Yeah, that's a good call. Unfortunately, this was the first time I did anything with small circuitry so I might not be the best source of information. Maybe someone else will chime in. Then again, I suppose if I got it done even though I had no experience there might be something I can offer. I was intimidated by some of the vernacular used when describing the circuitry (ohms, watts, minimum gain, etc.) No need to worry about any of that stuff though. Keep reading.

Believe it or not, I was able to get every single needed item from Amazon. Don't be too worried about paying $3 to have them send you a 10 cent resistor. They sell all of this stuff in bulk with free shipping (no prime needed). I think I paid something like $7 for a bag of 100 resistors and another $7 for a bag of 100 transistors. I looked at it this way, plenty of spares for the inevitable screw ups. I simply searched for "2N2222 NPN Transistor" and got a lot of hits. Don't worry about the "minimum gain" talked about in the one diagram. Research shows that 2N2222 NPNs are are the same. I did the same search with "4.7 ohm 1/4 watt resistor" and again, a lot of hits.

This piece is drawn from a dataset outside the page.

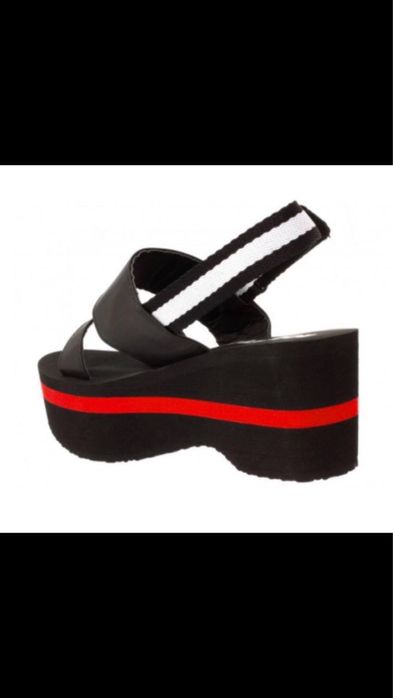 Босоножки Rocket Dog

Next, I got some small 2" x 2" circuit boards (Amazon has a ton of sizes available, get small ones, they all be trimmed with a razor blade though). I then got something called a circuit board "project box" which is a plastic box a to put everything in when done. These have pre-cut holes on the sides to allow the wiring out. Some silicon when done will make them weather tight. Again, both the circuit boards and the project boxes will come in bulk so you'll get a lot of them for cheap. Heck, while I was at it I even got a new soldering iron rather than using the ancient one I inherited from my dad. Again, this is not a ton of money. Not including the new soldering iron I spent all of about $25 in parts (to include a ton of spare pieces) and $30 for a decent quality HEI. Better, with all the spare parts I was able to solder a few of these together to have a little stash ready for future conversions.

Last thing, there are some "how to" videos online pertaining to soldering circuit boards and such. I watched a few of these to get a feel for what needs done. There isn't much to it.